By now, most people have heard about the infamous “anti-diversity” memo written by a male Google engineer (now fired) that went viral over last weekend.
There’s no point in rehashing the drivel about “biological differences” he wrapped up in scientific-sounding jargon (feel free read it for yourself here).
But it’s worth correcting the record because, for someone who’s presumably a data-driven person, he got the “facts” about women’s technical acumen really, really wrong.
Here’s what you need to know:
- Women are as competent as men in math and science, suggesting there is no native difference between the sexes. High school girls were overrepresented in advanced technical classes – 55% of students in advanced AP/Honors math classes and 56% in advanced AP/Honors science classes were girls. Research by UW-Madison and University of California, Berkeley sorted through standardized tests for 7 million students under No Child Left Behind, and found no differences in math performance between the sexes. Another study looked at three million students in a 20-year period and, once again, no significant difference between girls and boys.
- In fact, some research indicates girls have an edge in academic performance, generally. In 2016, among SAT-takers, the top 10% of graduating classes are female, and 60% of students graduating with an A+ grade point average were female.
- Scientific evidence actually suggests that there aren’t meaningful differences.
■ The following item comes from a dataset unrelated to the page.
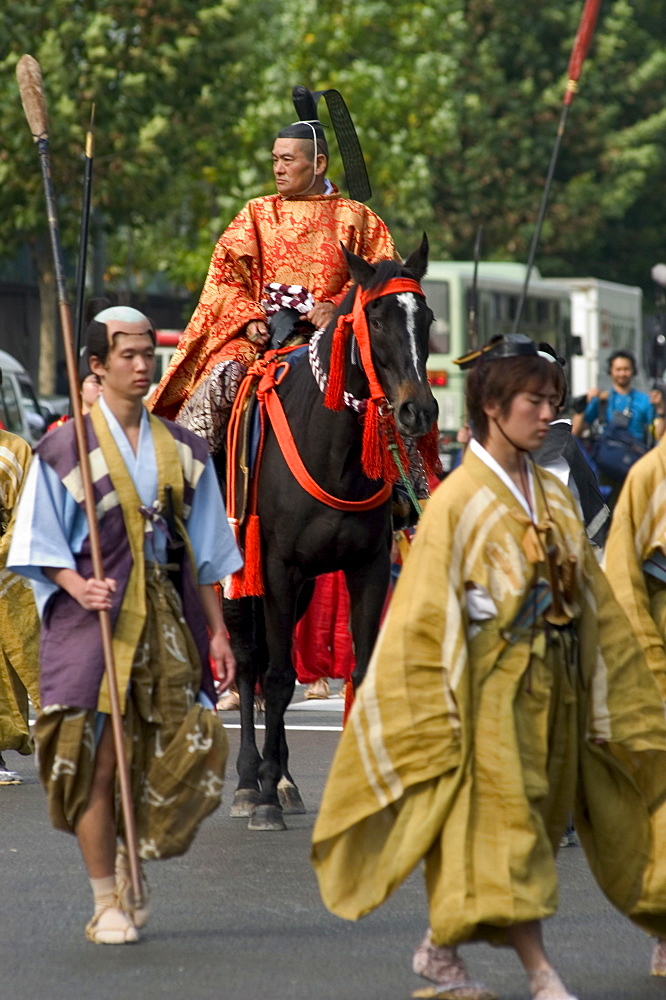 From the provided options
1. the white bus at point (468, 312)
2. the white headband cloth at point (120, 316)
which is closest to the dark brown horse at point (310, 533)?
the white headband cloth at point (120, 316)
One researcher looked at nearly 50 meta-analyses on differences between the sexes – in cognition, communication style, social and personality variables, moral reasoning, etc. 50% of the studies showed only small differences; in another third, they were nonexistent, this report also said.
It is true that women are underrepresented in computer science and engineering, and the problem is getting worse. What the data tells us, however, is that the “pipeline problem” is largely due to cultural factors (and, again, research pinpoints these as a lack of female role models and encouragement, societal perceptions that coding is for boys, unconscious biases that permeate who gets called on in class to who gets hired or promoted).
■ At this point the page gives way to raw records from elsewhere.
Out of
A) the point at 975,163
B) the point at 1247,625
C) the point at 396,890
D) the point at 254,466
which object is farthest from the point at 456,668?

That’s why just 20% of computer science grads in the US are women. That’s a big problem — and the reason why is where this guy really misses the mark.
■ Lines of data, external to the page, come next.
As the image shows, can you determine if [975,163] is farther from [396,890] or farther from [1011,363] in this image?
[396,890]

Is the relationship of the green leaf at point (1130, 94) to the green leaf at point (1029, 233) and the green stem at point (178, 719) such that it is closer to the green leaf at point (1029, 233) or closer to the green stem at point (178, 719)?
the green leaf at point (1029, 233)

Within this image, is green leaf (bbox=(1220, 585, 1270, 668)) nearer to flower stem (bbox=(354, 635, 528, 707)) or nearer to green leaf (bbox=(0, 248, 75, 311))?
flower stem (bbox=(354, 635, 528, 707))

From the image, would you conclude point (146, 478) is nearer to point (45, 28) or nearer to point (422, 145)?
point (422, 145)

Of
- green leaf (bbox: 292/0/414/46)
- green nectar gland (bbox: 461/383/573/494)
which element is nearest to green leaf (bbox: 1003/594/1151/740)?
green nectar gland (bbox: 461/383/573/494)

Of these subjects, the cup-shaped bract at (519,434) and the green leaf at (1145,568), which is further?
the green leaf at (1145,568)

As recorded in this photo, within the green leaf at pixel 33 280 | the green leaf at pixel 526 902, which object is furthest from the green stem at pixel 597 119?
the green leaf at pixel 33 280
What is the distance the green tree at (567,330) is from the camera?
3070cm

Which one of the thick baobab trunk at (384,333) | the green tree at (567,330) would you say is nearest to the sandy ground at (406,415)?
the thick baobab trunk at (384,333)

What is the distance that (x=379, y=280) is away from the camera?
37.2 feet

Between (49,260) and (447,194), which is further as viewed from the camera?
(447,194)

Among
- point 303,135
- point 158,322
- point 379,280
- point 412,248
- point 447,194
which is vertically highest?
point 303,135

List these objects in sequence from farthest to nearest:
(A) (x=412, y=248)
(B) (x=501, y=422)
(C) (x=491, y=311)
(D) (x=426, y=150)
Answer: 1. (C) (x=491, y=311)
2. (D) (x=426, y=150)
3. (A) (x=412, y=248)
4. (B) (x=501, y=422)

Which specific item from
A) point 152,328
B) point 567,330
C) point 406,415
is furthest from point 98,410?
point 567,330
Diversity isn’t just about fairness (although that certainly doesn’t hurt). It’s not a liberal social-engineering experiment run amok. Google and other companies aren’t promoting diversity just because they’re being politically correct. It’s because there’s something in it for them.
It’s about good business.
Back to that pipeline…
Anyone in Silicon Valley will tell you that the number one challenge constraining growth is the lack of qualified engineering talent. This is the reason why we import so much talent from overseas. Between tech’s explosive growth and greater restrictions on H1-B visas currently proposed, Silicon Valley could be facing an existential crisis around talent over the next five to 10 years. How do we solve it? Recruit the people who already live here, who already have the education, the technical aptitude and the smarts, to go into computer science and engineering. And figure out how to keep them around. Again, this isn’t “social engineering.” It’s just smart business.
Diversity drives better products.
Research shows that a wide variety of viewpoints, informed by different backgrounds, ideologies, experiences, etc., is crucial to good innovation. Different people see things differently, coming at problems in unique ways that help take technology from mundane to mind-blowing. Plus, it’s likely you want your product to appeal to a diverse user base — so having people who, at least in part, resemble your users can be a simple but powerful way to ensure that happens.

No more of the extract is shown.